North Carolina presents a significant near-term demand outlook for new thermal generation. The state's primary utility, Duke Energy, is executing a state-mandated Carbon Plan that requires the retirement of its entire coal fleet by 2035. To ensure grid reliability while integrating more solar, the plan calls for the construction of up to 6.2 GW of new natural gas capacity. This creates a clear, large-scale procurement opportunity. The state hosts major manufacturing and service hubs for key suppliers, including Siemens Energy's large campus in Charlotte, providing logistical advantages and access to a skilled local labor pool. However, all projects face rigorous scrutiny and approval processes from the North Carolina Utilities Commission (NCUC), which will heavily influence project timelines and cost recovery structures.
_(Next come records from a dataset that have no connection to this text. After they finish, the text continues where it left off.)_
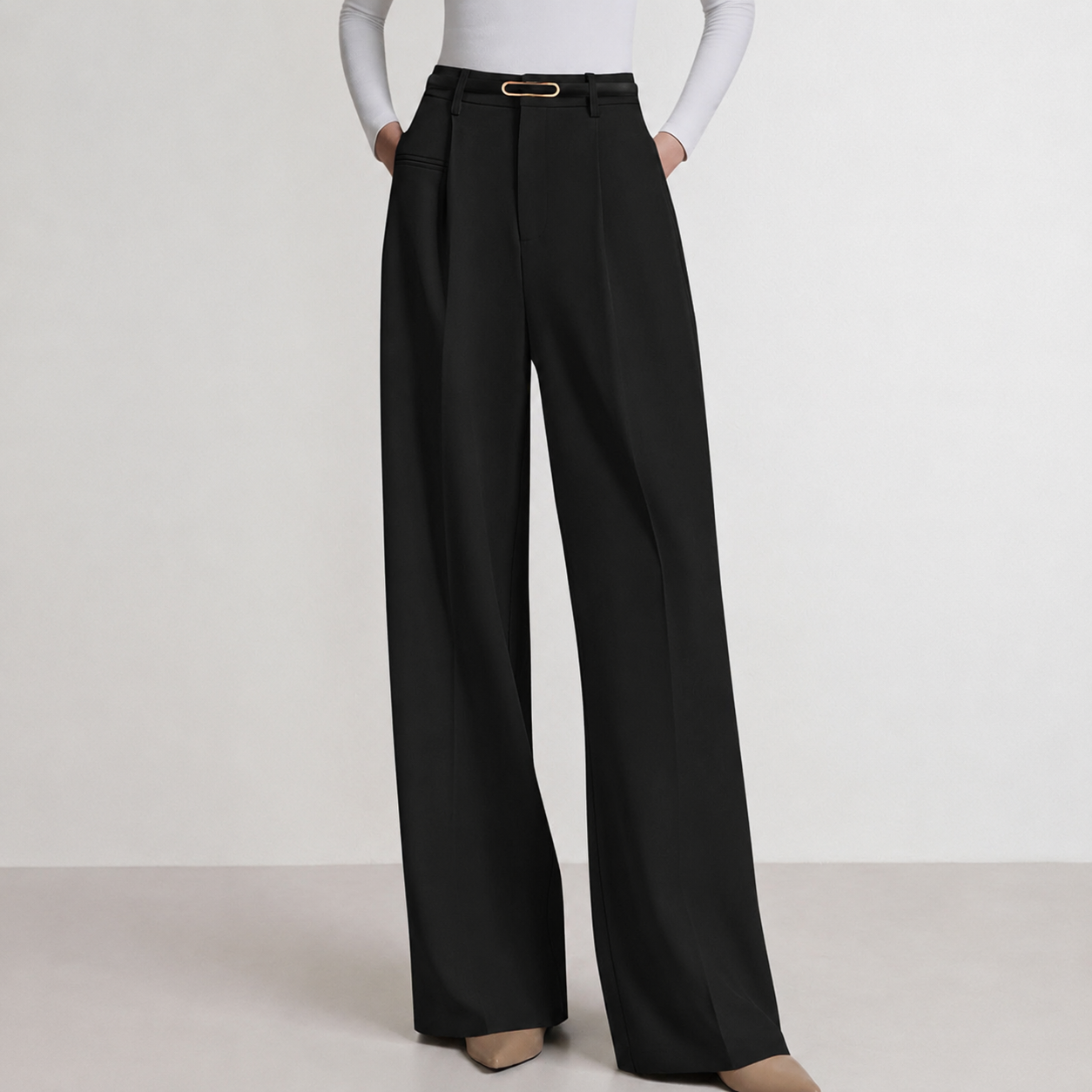 Solid Flowy WIde Palazzo Pants For Women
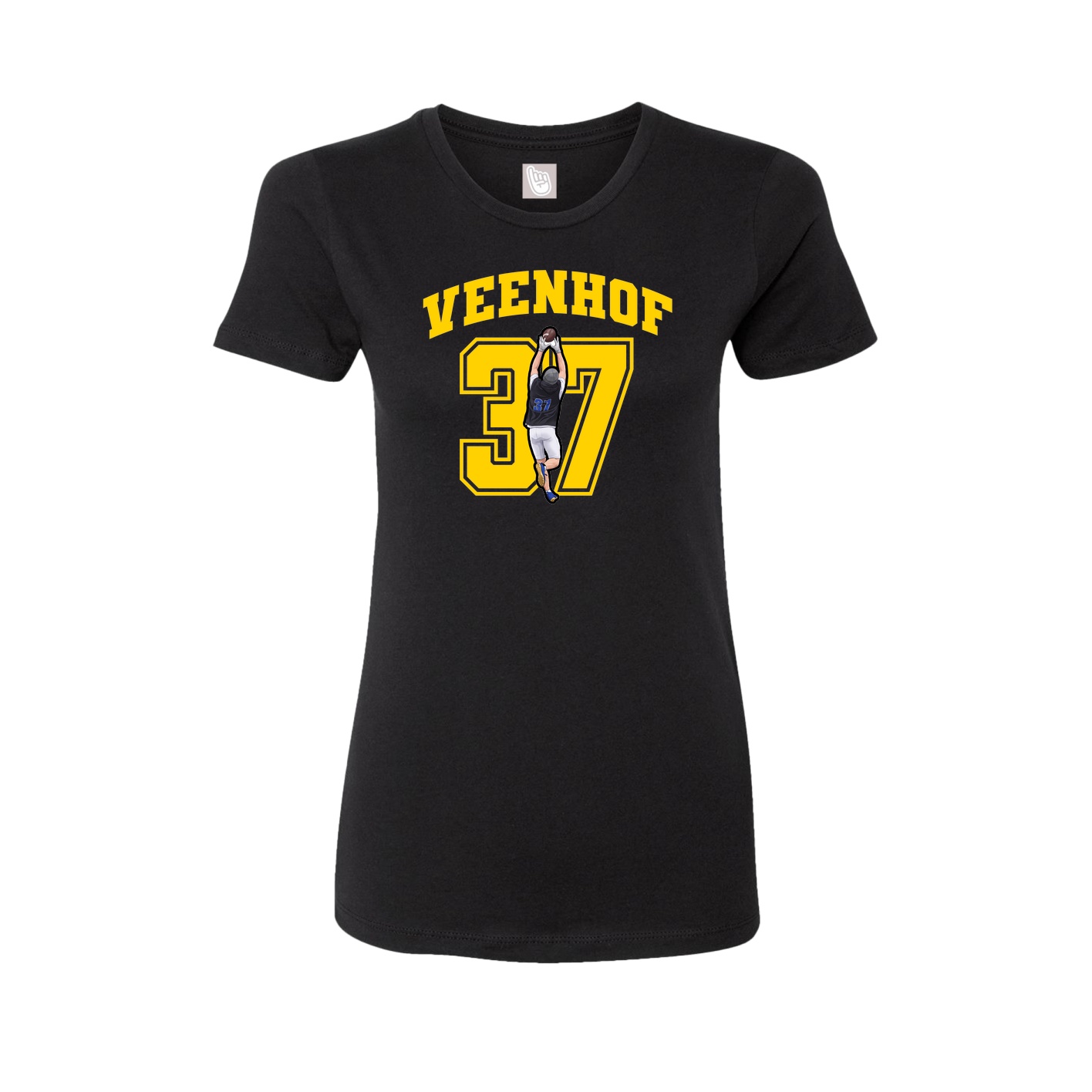 Fitted Women's Tee — Number in Black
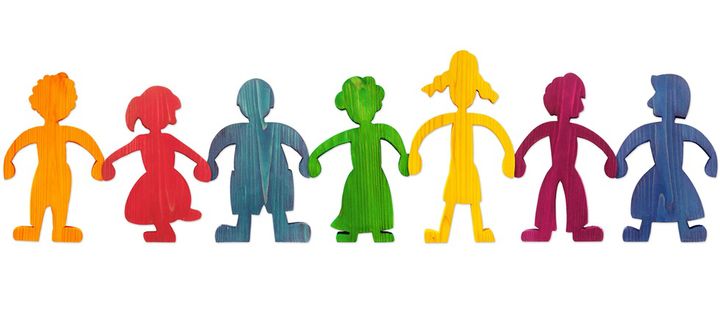 Bunte Figurenreihe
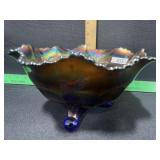 VINTAGE CARNIVAL GLASS WINDMILL 9 INCH 3 FOOTED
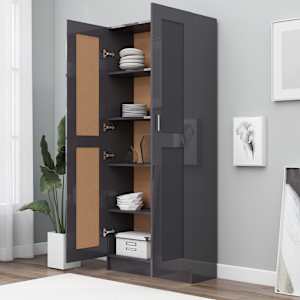 vidaXL Bokhylle høyglans grå 82,5x30,5x185,5 cm konstruert tre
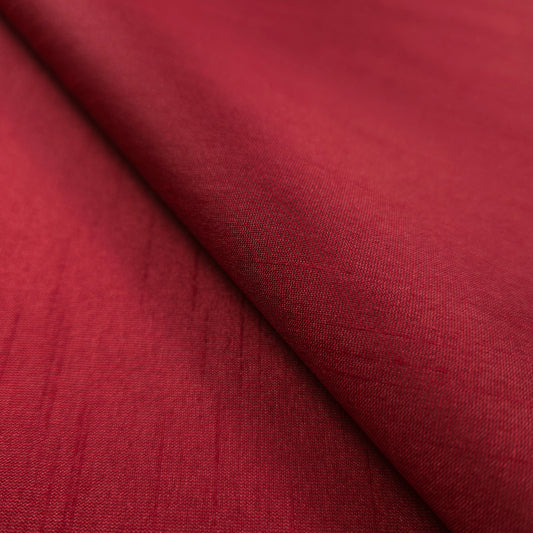RED BLACK FAUX SILK DUPIONI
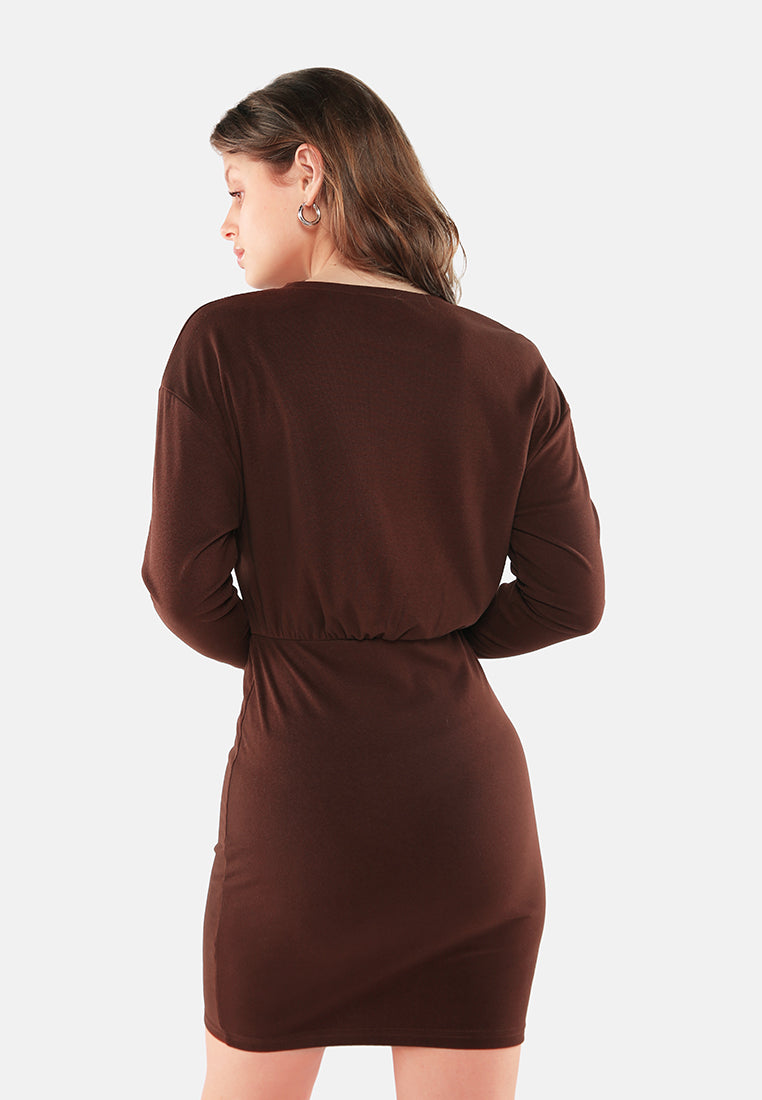 fitted button detail bodycon dress#color_coffee
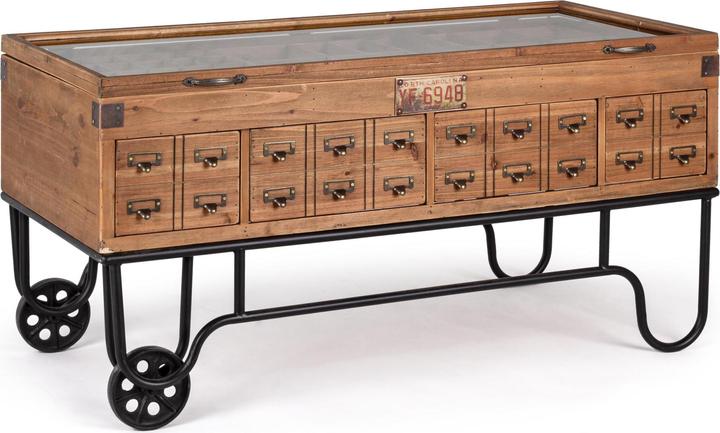 Bizzotto Sideboard Kompart mit Schubladen und Rädern 120 cm (60 x 120 x 58.5 cm)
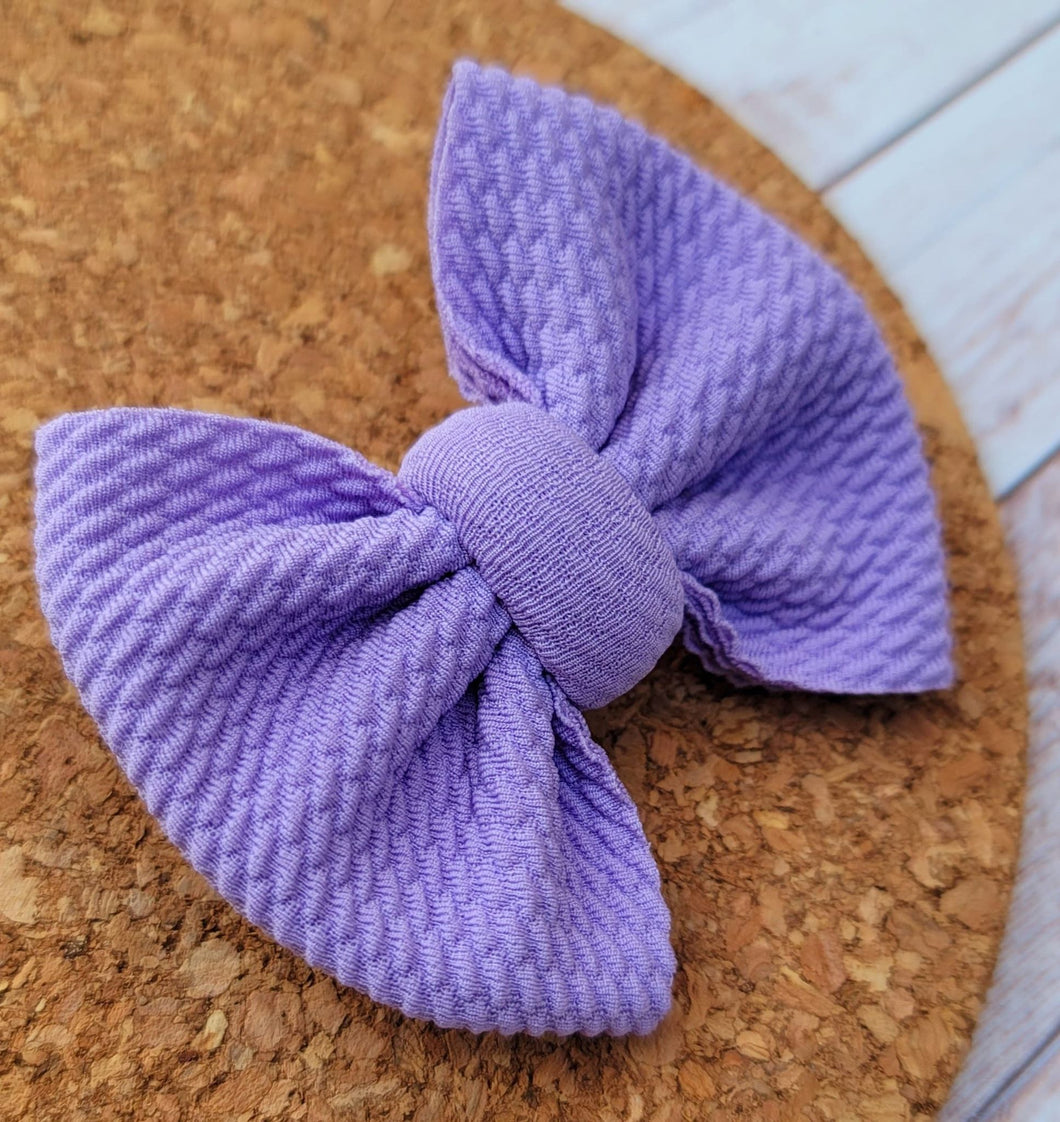 Light Purple Baby Solid Fabric Bow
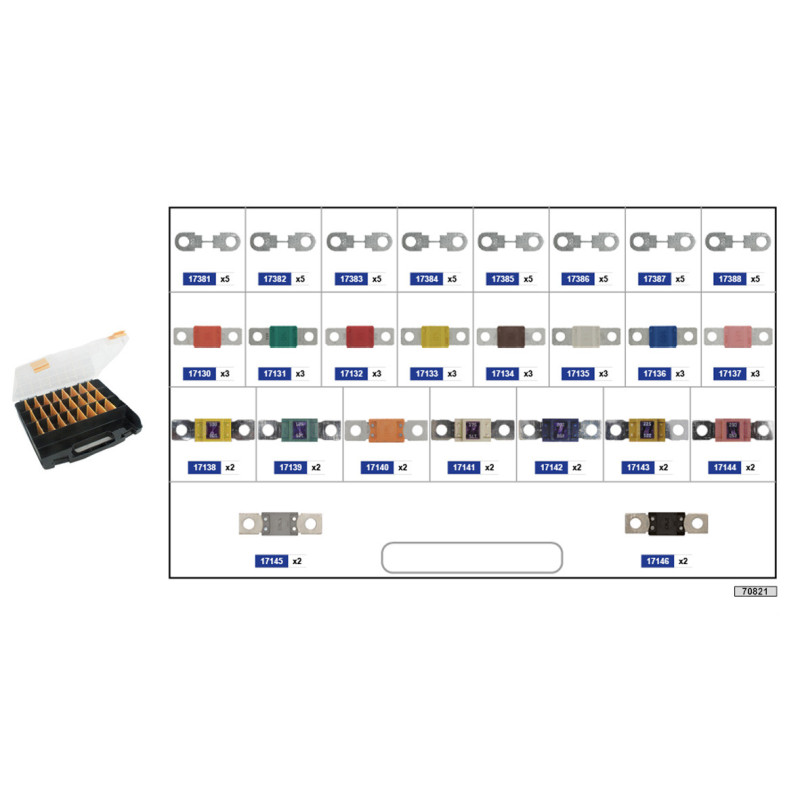 COFFRET D'ASSORTIMENT DE FUSIBLES MIDI, MEGA ET RUBAN HSB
| Risk Category | Rating | Justification |
|---|---|---|
| Supply Risk | Medium | Oligopolistic market for core technology, but suppliers are stable. Risk exists in sub-tier components and raw materials (e.g., specialty alloys, electronics). |
| Price Volatility | High | Highly sensitive to volatile fuel (natural gas) and commodity (steel, nickel) prices. EPC contracts are subject to significant cost overrun risk. |
| ESG Scrutiny | High | Intense public, regulatory, and investor pressure against new fossil fuel infrastructure. Permitting is a major hurdle and source of project delays. |
| Geopolitical Risk | Medium | Global LNG markets, which determine fuel price, are subject to geopolitical disruption. Equipment supply chains have exposure to US-China trade tensions. |
| Technology Obsolescence | Medium | Rapid advances in battery storage and renewables could shorten the economic life of new gas plants, creating "stranded asset" risk before the end of their planned operational life. |
Mandate Future-Proofing for Carbon Risk. Require all bidders for new gas plants to include fully-costed, time-bound options for future conversion to >70% hydrogen co-firing and/or integration with a post-combustion carbon capture (CCUS) system. This de-risks the asset against future carbon taxes and regulations, addressing the High ESG Scrutiny and Medium Technology Obsolescence risks by building in a clear decarbonization pathway from the initial procurement stage.
Prioritize Lifecycle Performance over Upfront CAPEX. Shift evaluation criteria from lowest EPC price to best Total Cost of Ownership (TCO). Weight supplier bids heavily on guaranteed net efficiency (>63%), ramp-rate flexibility, and the inclusion of a comprehensive Long-Term Service Agreement (LTSA) with performance guarantees. This directly mitigates the impact of High Price Volatility in the natural gas market and ensures the asset remains competitive.